▶ _Data for processing_
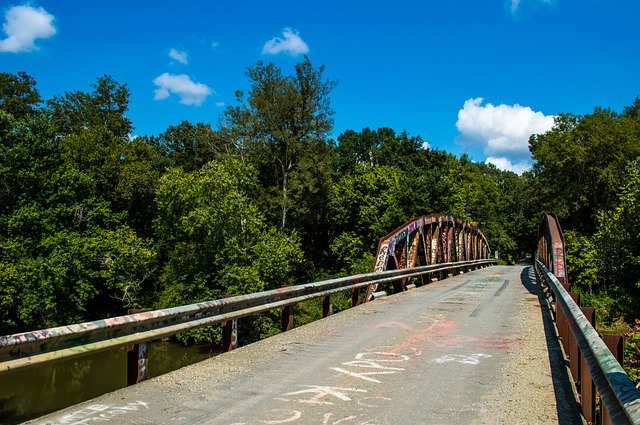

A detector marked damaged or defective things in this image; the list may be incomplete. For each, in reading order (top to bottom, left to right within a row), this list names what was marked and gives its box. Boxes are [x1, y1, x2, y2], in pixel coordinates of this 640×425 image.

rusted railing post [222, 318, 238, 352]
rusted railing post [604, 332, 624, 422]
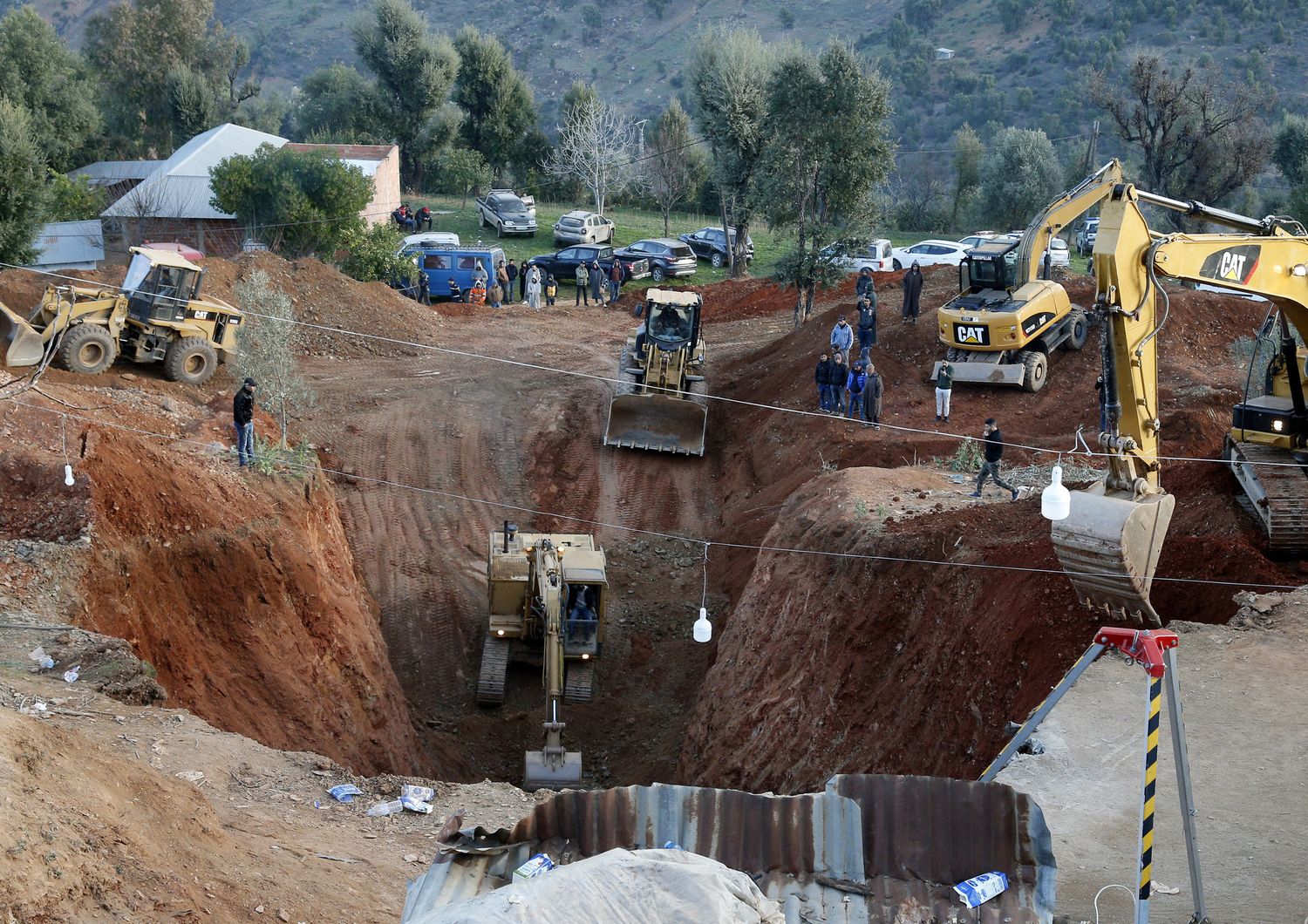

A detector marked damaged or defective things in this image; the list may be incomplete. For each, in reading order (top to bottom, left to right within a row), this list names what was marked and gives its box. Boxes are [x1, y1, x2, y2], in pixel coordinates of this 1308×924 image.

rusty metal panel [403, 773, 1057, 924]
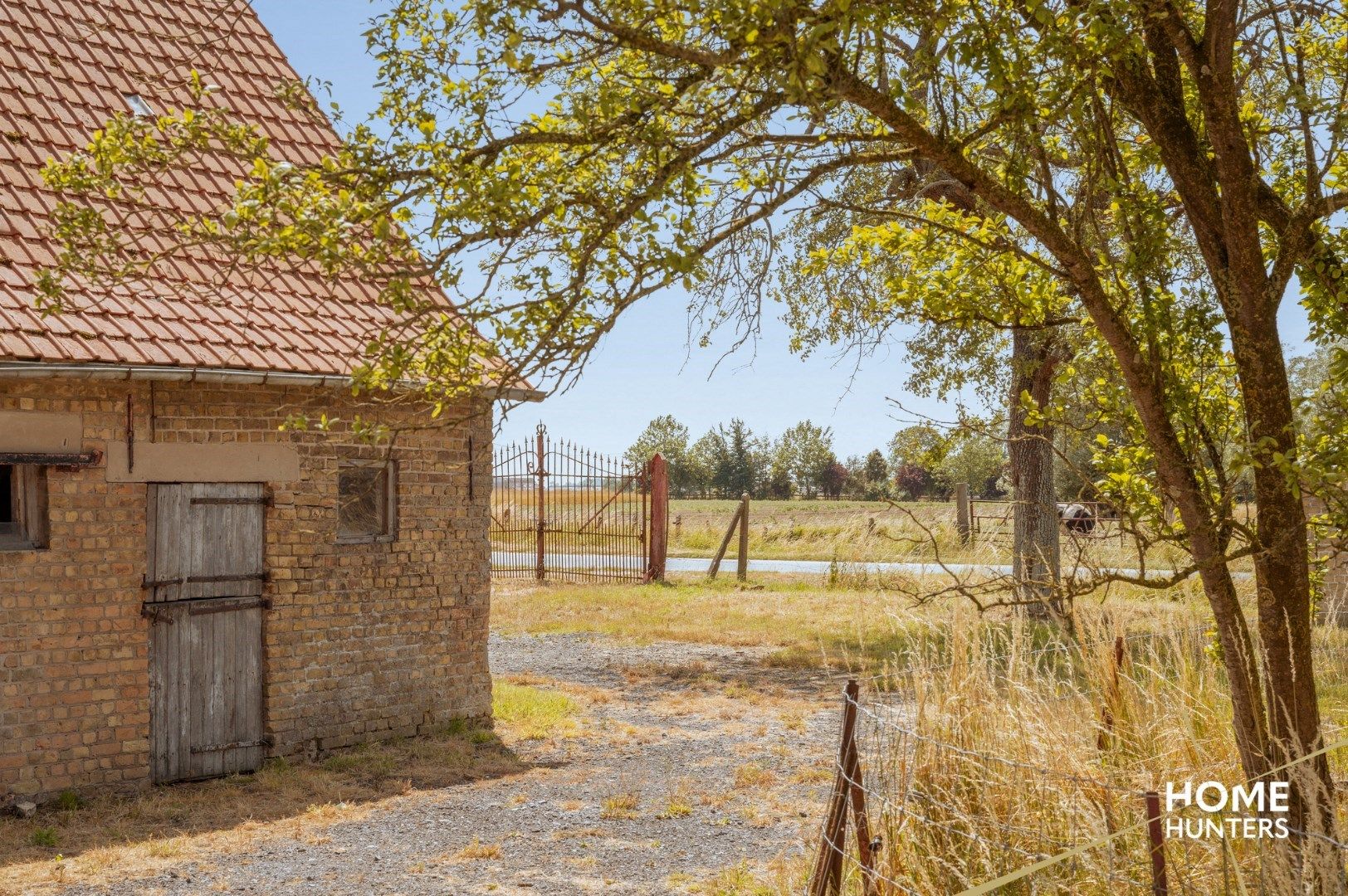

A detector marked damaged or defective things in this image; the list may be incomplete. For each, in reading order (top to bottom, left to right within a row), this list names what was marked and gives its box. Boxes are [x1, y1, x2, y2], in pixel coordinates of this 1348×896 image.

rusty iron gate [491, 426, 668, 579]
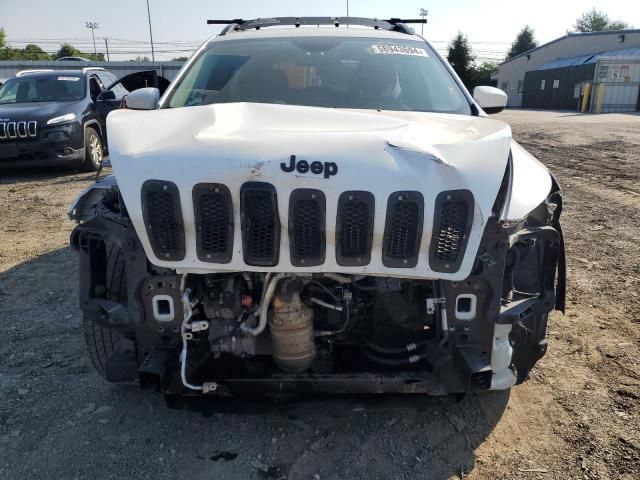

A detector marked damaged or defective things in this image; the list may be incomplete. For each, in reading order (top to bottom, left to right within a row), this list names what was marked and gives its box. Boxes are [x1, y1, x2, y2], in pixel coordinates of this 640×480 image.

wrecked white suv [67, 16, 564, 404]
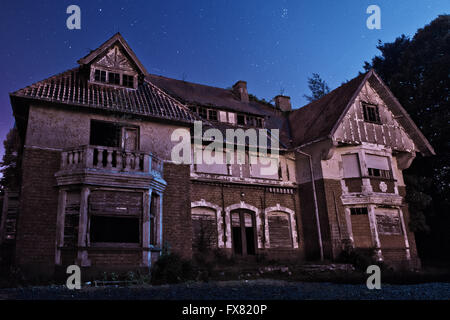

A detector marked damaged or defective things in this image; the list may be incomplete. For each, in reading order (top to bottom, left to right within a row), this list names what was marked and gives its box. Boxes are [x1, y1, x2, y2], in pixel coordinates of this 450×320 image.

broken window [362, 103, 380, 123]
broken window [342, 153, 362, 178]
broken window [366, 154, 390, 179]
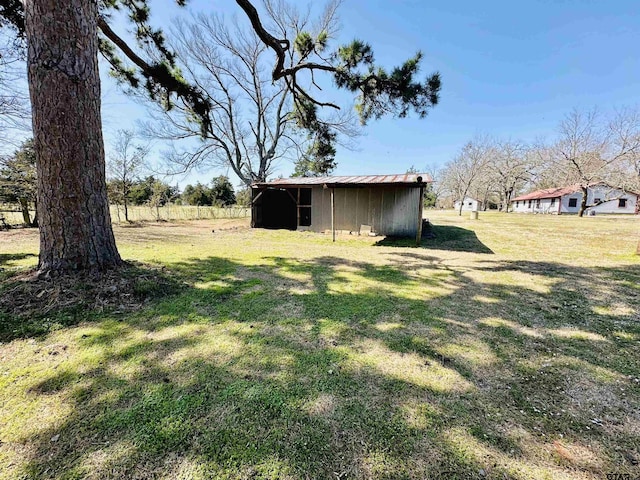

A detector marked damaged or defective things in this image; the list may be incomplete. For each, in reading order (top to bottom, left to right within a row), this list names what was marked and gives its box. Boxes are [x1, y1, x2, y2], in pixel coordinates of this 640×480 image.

▶ _Brief_
Retype the entries above word for word, minus any images.

▶ _Your solution_
A detector marked damaged or defective things in this image; the list may be incomplete. For each, in reading order (top to bottom, left to right within a row), this list names what was marked and gives its box. Boxes are [x1, y1, x2, y2], in pixel coordinates of this 640×425 image.

rusted railing post [222, 318, 238, 352]
rusted railing post [604, 332, 624, 422]

A detector marked damaged or defective things in this image; the list may be incomplete. For each, in reading order (top to bottom, left to right within a row), this list names what was marked and gives its box. Boxes are [x1, y1, x2, y2], in pixel coordinates of this 1308×924 image.

rusty metal panel [403, 773, 1057, 924]

A detector marked damaged or defective things in this image; the list may be incomplete. For each, in reading order (top to bottom, left to right within a row), this list names what was marked and gives its box. Boxes are [x1, y1, x2, y2], in pixel coordinates of this 1348×896 image.

rusty iron gate [491, 426, 668, 579]

A detector marked damaged or defective things in this image; the list may be incomplete. For each, in reading order (top to bottom, left to right within a row), this list names what was marked and gives its box. Boxes are [x1, y1, x2, y2], in pixel coordinates of this 640×480 image.

wrecked white suv [67, 16, 564, 404]

A detector marked damaged or defective things in this image; the list may be incomplete. For each, in reading order (top to bottom, left to right within a row), this list names what was marked and gives its box. Boxes are [x1, y1, x2, y2], in pixel coordinates of this 450×320 image.

broken window [362, 103, 380, 123]
broken window [342, 153, 362, 178]
broken window [366, 154, 390, 179]

A detector marked damaged or defective things in this image; the list may be incomplete. For each, in reading order (top to bottom, left to right within a row), this list names what was marked and gives its box. Boxes are [x1, y1, x2, y2], in pixel coordinates of this 640×480 image.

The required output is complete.